Just think about it. [known 500 digits] * [known 500 digits] = [unknown 1000 digits]. Doable by the PC in front of you in a few seconds tops. [unknown 500 digits] * [unknown 500 digits] = [known 1000 digits], not doable by your PC in your lifetime, if the two unknowns are primes.

A reverse calculator, would always take an equal amount of calculations - no matter if it is normal functions like divide / multiply or their reverse counter parts. For any logic/system of mathematics, there are an equal reverse logic/system.

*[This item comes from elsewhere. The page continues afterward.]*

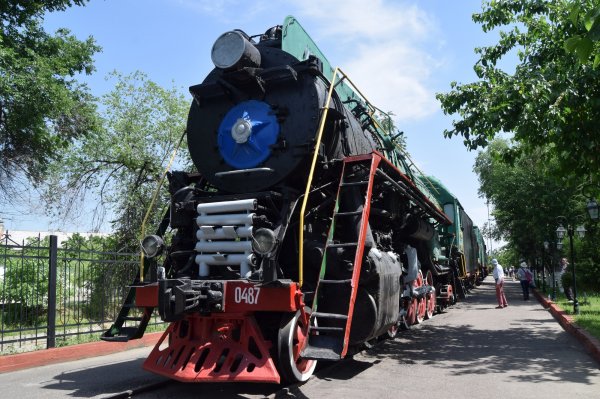 Steam locomotive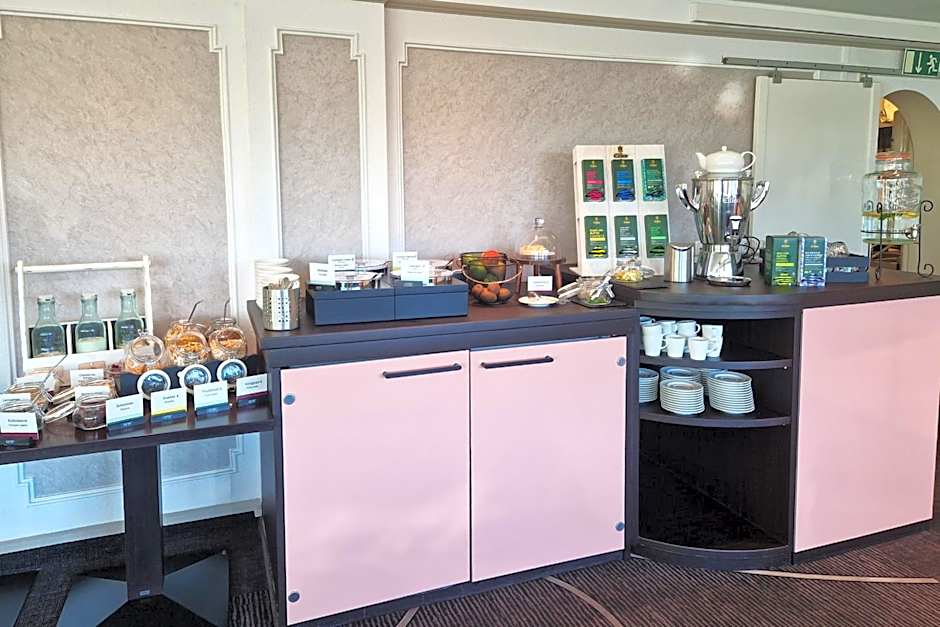 Garner Hamburg Wandsbek Marktplatz By IHG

A prototype would be doable with 10 digits, but with 1000 digits it would be very complex and not practial with low funds.

Theoretically, anyways.
Title: Re: Theoretically, what would you do?
Post by: Soul Surfer on 30/12/2005 11:35:21
OK modulo aritmatic has been around for decates  Why do you want to perform the reverse calculation?  The only case that I am familiar with is public key cryptography

Learn, create, test and tell
evolution rules in all things
God says so!
Title: Re: Theoretically, what would you do?
Post by: teki on 01/01/2006 13:04:10
Reverse calculation is useful for many reasons, and is in itself a powerful testament about the system.

Reverse logic is only possible, if energy is used exclusively on the movement of information through the fuction. No energy must be used by the function performed on the information, that passes through that same function. Normally, there would be a minimal need for energy to define the logic of the function, and another need to define the data that function operates upon. That is not the case in this system, and theoretically it can be proved no other energy is used in the function, aside from the energy used to define the data.

Since all mathematical fuction can be performed this way, the Reverse Calculator would demostrate the potential for "1 pass, extreme low energy, extremely small, universal level processing", that essentially can solve any mathematical problem we could ever possibly come up with. Since science and all evolution relies upon processing capability, I would think this in itself would be enough.

Think about it, this would speed evolution up to extremes few could possibly follow.

Ignoring all that, you have yourself answered your own question, to why I want to perform reverse calculation: public key cryptography. Really, wouldn't that in itself be enough? Potential demostrated for +1000 digit RSA encryption or decryption, a couple of trillion times a second, and it would only a matter of enough basic components (cost would be n^2 relative to itself).

Only quantum logic/computers has shown the possiblity of performing anywhere near this potential, and this should still be theoretics, as it has never been shown to be effective on a scale needed.
Title: Re: Theoretically, what would you do?
Post by: Soul Surfer on 01/01/2006 16:37:10
As far as I can tell most of that tirade is total nonsence assembled from a few significant sounding words. Come back to reality. we are talking genuine science here.  If you want any attention you've got to explain your ideas clearly in terms that people can understand otherwise you're just included in my list of nutters.

Learn, create, test and tell
evolution rules in all things
God says so!
Title: Re: Theoretically, what would you do?
Post by: teki on 03/01/2006 20:08:25
Since you don't understand much of this, and it is established science ... there are piles of links, books, and other references to all this, then I am wasting my time. Be not mistaken, this is not nonsense or nutty stuff. Your lack of understanding is a testament of yourself, not me or the subjects at hand.

This is all theoretics, and I am very much "in reality". This has nothing to do with me personally, as I keep pointing out. You really shouldn't have wasted your time on all this, since you don't fundamentally understand what it is all about.

Your statements about quantum computing in another topic, is also testament to your ignorance about the basics of what all this is about.

My presence at this board has served its purpose perfectly. Thank you all for your time. Bye.